Captioned web images:

___

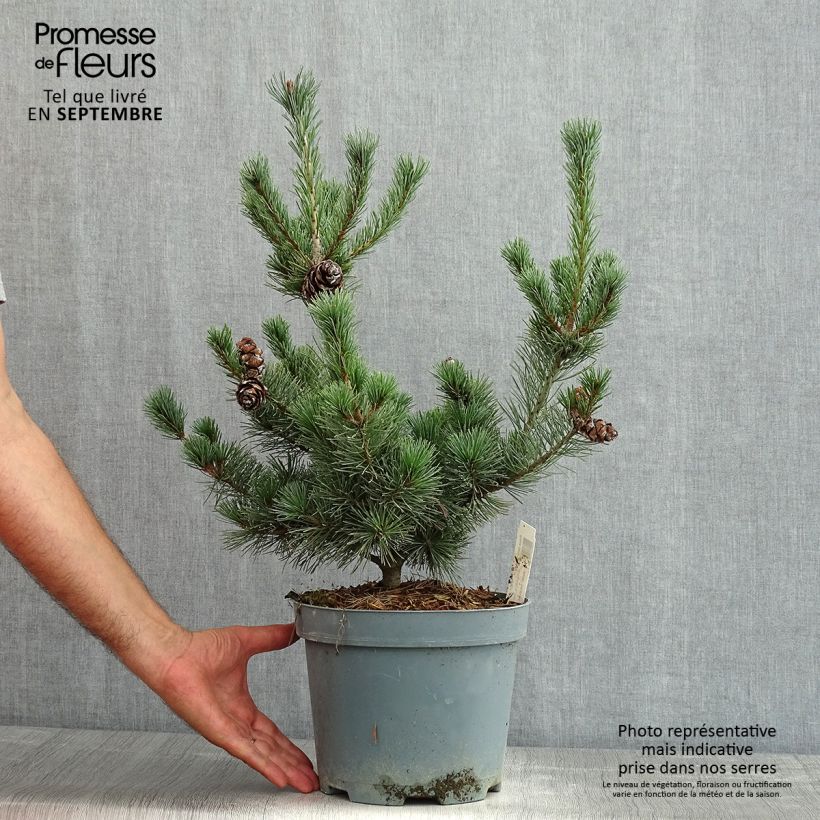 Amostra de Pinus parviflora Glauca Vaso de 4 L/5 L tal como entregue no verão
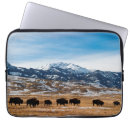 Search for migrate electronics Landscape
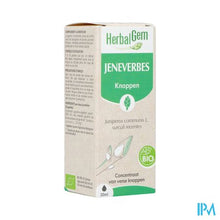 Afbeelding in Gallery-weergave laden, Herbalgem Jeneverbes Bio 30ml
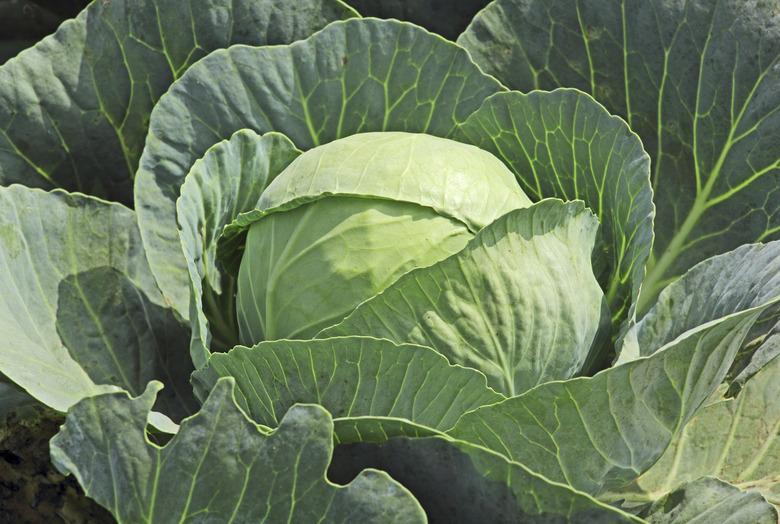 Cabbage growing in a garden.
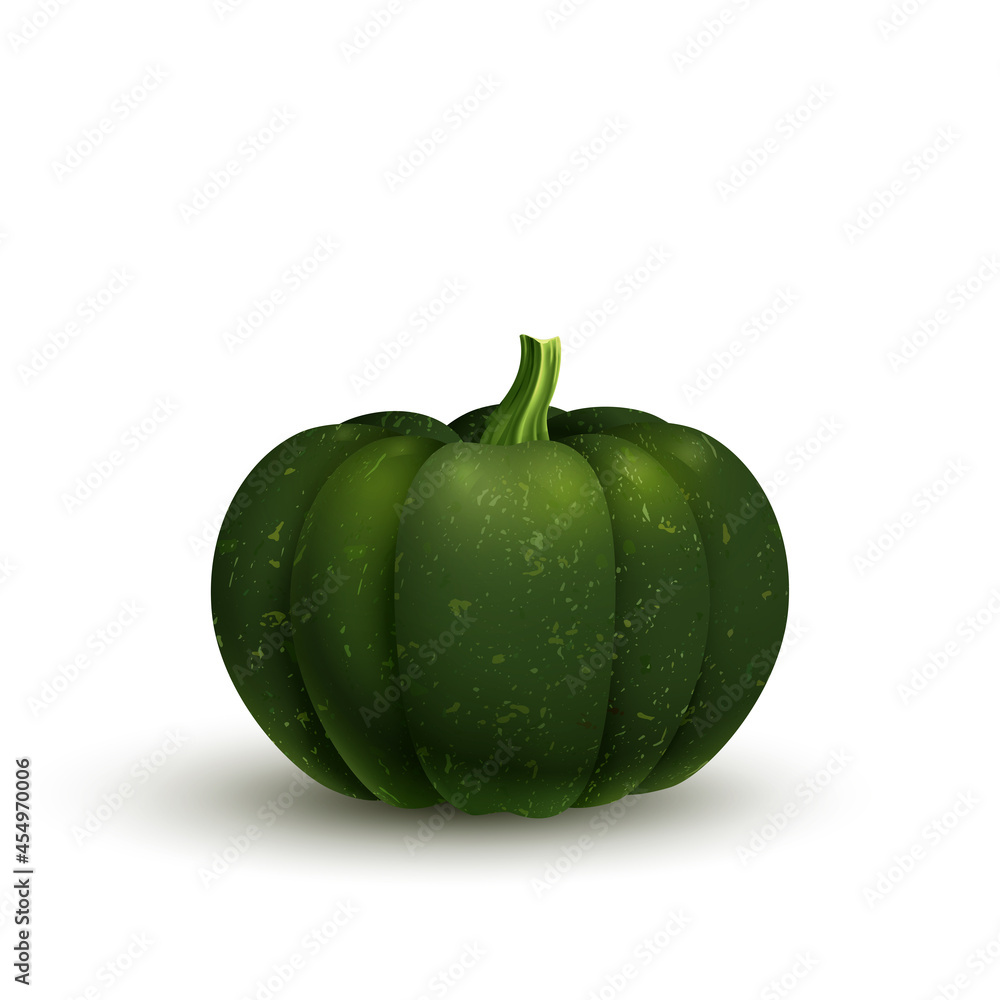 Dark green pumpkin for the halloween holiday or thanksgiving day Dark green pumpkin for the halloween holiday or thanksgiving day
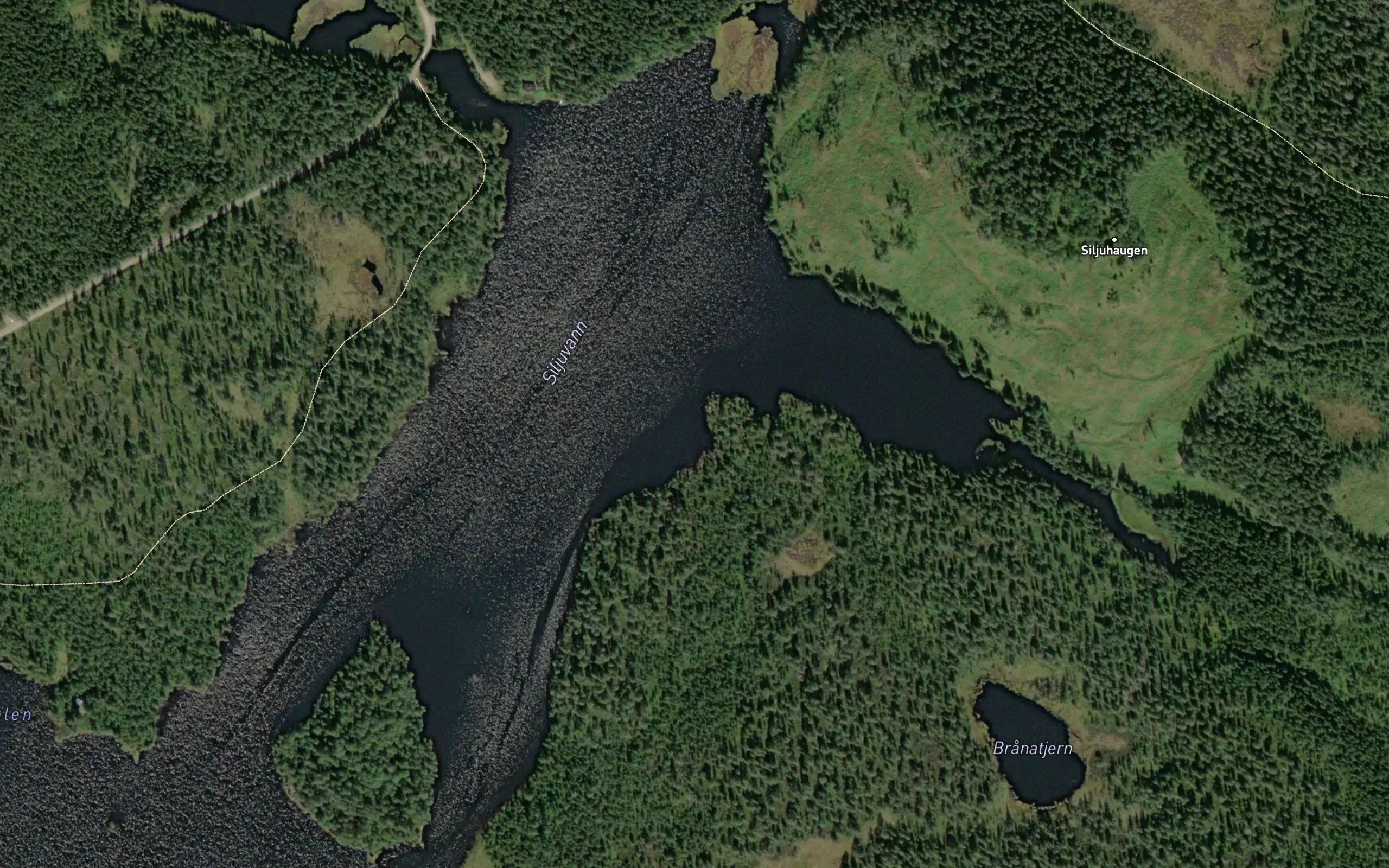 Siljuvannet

___

▶ _Problem requirements_
The copy must start at the line containing "Cabbage growing in a garden." and end at the last line of the records, matching each line exactly and holding no pictures.

▶ _Exercise response_
 Cabbage growing in a garden.
 Dark green pumpkin for the halloween holiday or thanksgiving day Dark green pumpkin for the halloween holiday or thanksgiving day
 Siljuvannet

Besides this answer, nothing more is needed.